Task:
Without any of the pictures, transcribe all the lines below exactly.
---------- Source data
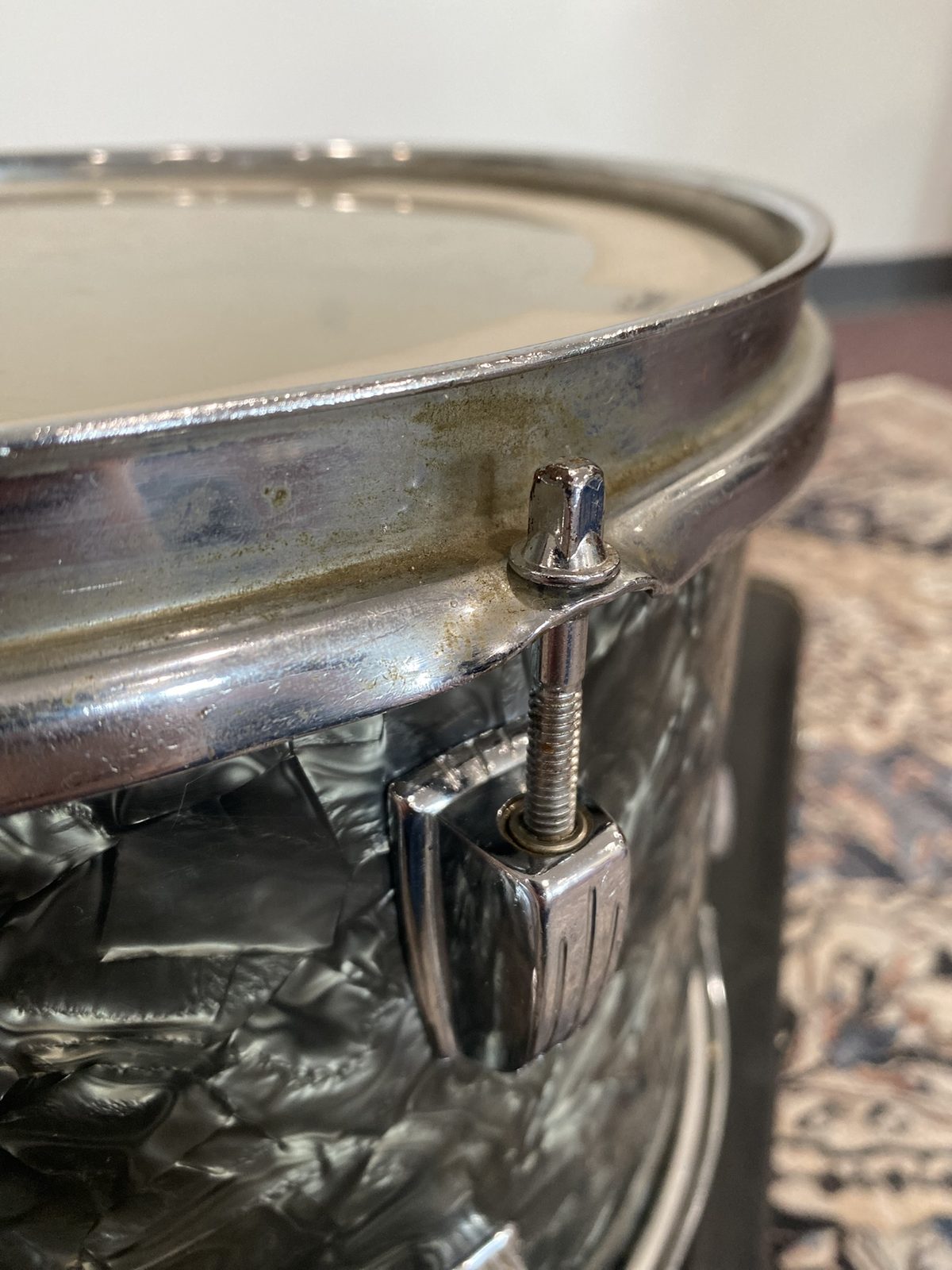 Ludwig Vintage 7x12 Rack Tom (1965) - Black Diamond Pearl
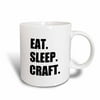 3dRose Eat Sleep Craft - passionate about crafting - crafter crafty hobby, Ceramic Mug, 11-ounce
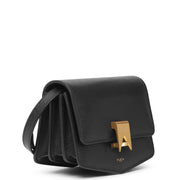 Le Papa Small black grained leather bag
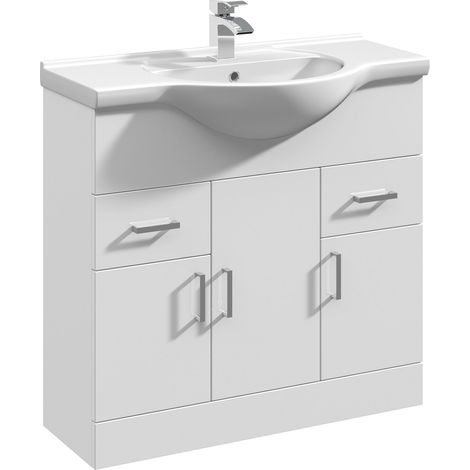 3 Door 2 Drawer Bathroom Vanity Basin Unit with Round Basin - 850mm - Gloss White (1/5)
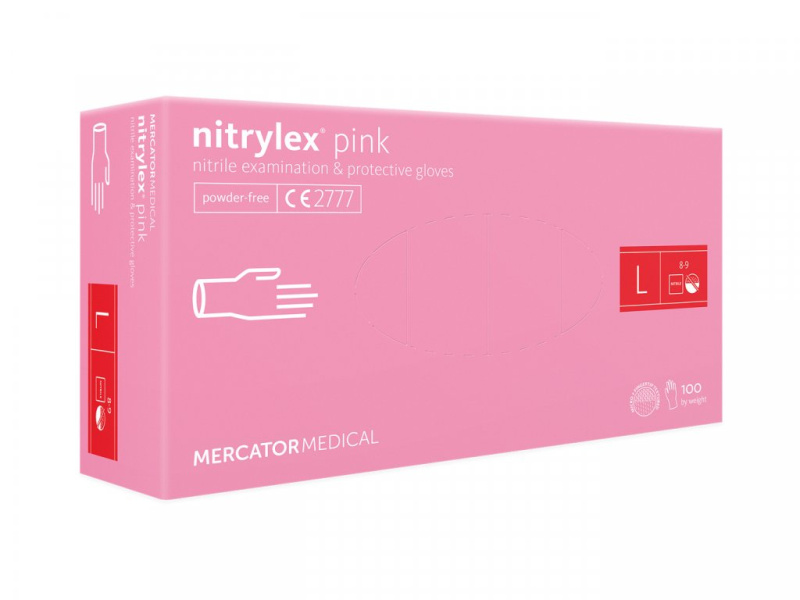 Mercator Medical Nitrilové rukavice Mercator NITRYLEX růžové, nepudr., 100 ks Velikost: L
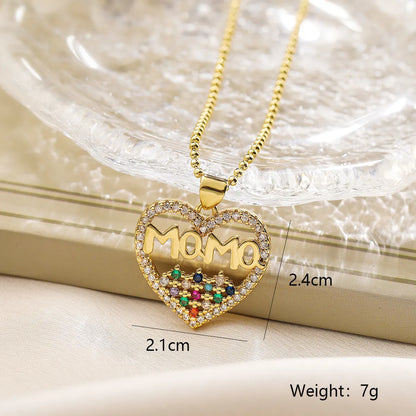 Simple Style Commute Heart Shape Copper Plating Inlay Zircon 18k Gold Plated Pendant Necklace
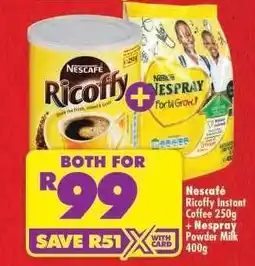 Shoprite Nescafé Ricoffy Instant Coffee 250g + Nestray Powder Milk 400g offer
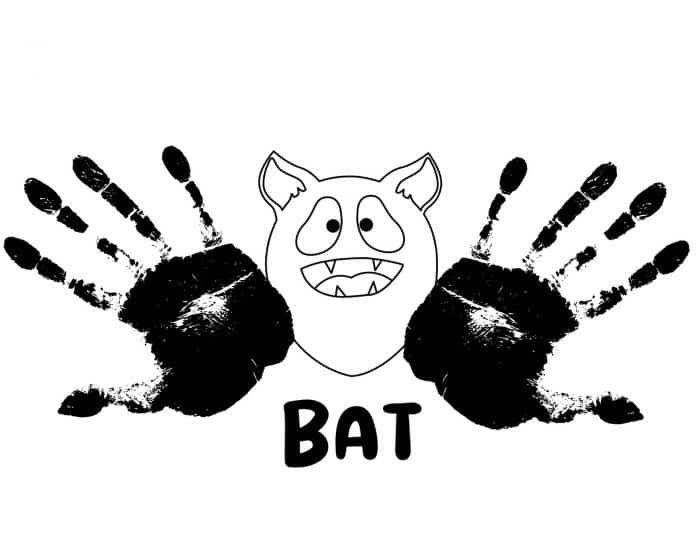 bat handprint craft for toddlers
--------------------
Solution:
 Ludwig Vintage 7x12 Rack Tom (1965) - Black Diamond Pearl
 3dRose Eat Sleep Craft - passionate about crafting - crafter crafty hobby, Ceramic Mug, 11-ounce
 Le Papa Small black grained leather bag
 3 Door 2 Drawer Bathroom Vanity Basin Unit with Round Basin - 850mm - Gloss White (1/5)
 Mercator Medical Nitrilové rukavice Mercator NITRYLEX růžové, nepudr., 100 ks Velikost: L
 Simple Style Commute Heart Shape Copper Plating Inlay Zircon 18k Gold Plated Pendant Necklace
 Shoprite Nescafé Ricoffy Instant Coffee 250g + Nestray Powder Milk 400g offer
 bat handprint craft for toddlers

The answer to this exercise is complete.